I will explore more about the strengths and weaknesses of the 40MP high resolution shot, perhaps in my coming review extensions on this blog. 

CONCLUSION

The new Olympus OM-D E-M5 Mark II actually feels like an E-M1 being forced into an E-M5 body, with added many high in demand improvements and added features. The electronic veifinder (EVF), the blazing flast AF, the image quality as well as all the strengths of E-M1 are found in the E-M5 mark II. 

Yet, the improvements to the 5-Axis Image Stabilization was evident, and a huge welcome, especially when it comes to video recording. Video shooting in the E-M5 Mark II has also improved significantly, fulfilling requests from Olympus users such as multiple framerate options, improved video quality output, better flexibility and controls, and focus peaking implemented in video shooting. 40MP High Res Shot was a a useful addition, in situations when 16MP is just not enough, though the photographer must be aware of and be able to work around the list of limitations. 

On the whole I do feel that many photographers and film makers will find this OM-D E-M5 Mark II to be an interesting camera solution, if it does not completely replace your system, it is not difficult to find a reason to fit one in that spare corner of your camera bag, as a secondary camera. After all, it is offering many unique features, capabilities and solutions to practical photography that many other cameras do not have. 
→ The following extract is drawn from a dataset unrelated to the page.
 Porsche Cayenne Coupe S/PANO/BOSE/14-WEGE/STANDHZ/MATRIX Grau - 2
No cameras are perfect. I do have my own complains, but nothing major so far. I am still very new to this E-M5 Mark II and I shall shoot extensively with it with whatever chance I can find to do so. 
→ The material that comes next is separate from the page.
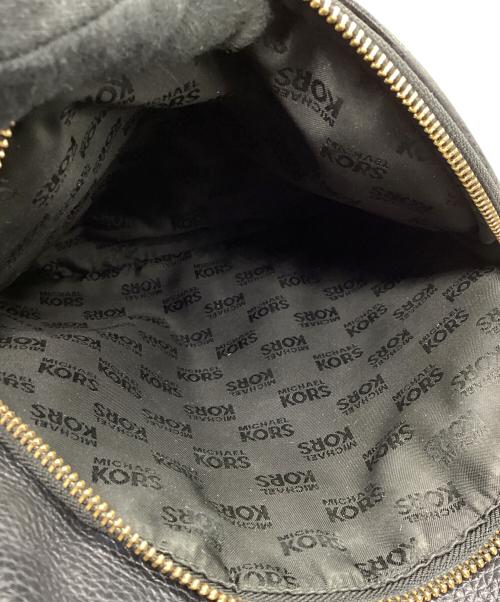 MICHAEL KORS（マイケルコース）MICHAEL KORS (マイケルコース) リュック ブラックの古着・服飾アイテム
What do I wish the OM-D E-M5 Mark II could have been better?

1) Battery life
I have been complaining about the battery life for almost every single camera review of Olympus, and I will continue to complain, as a voice of a photographer who does use the camera for serious shooting assignment and purposes. I have mentioned that I may need to shoot again this weekend to verify how good or bad the battery life is (stills only, no video). However, I can generally estimate that it did not fare any better than E-M1 or the older E-M5 (2012 version). I want to be able to shoot about 1000 shots before the camera battery indicator starts blinking "low". Currently, with any Olympus cameras, you can get about less than half of my expectation. And I do not like the idea of carrying too many batteries with me for a full day shoot. 

2) 4K Video
Many arguments will arise, for Olympus not having the 4K video shooting option. It is also true that the world currently is NOT ready for 4K video just yet, and we do not see much benefit of having 4K video when 95% or more of the consumers do not even have a viewing screen to support 4K at its full glory. Nonetheless, we all know that technology is progressing very fast and who knows, within a few years you and I will be reading this blog entry in a 4k computer monitor, or even a 4K smartphone screen. Perhaps there are many practical reasons why 4K is not implemented yet, and the emphasis on the importance and usefulness of having a powerful image stabilization is a valid argument.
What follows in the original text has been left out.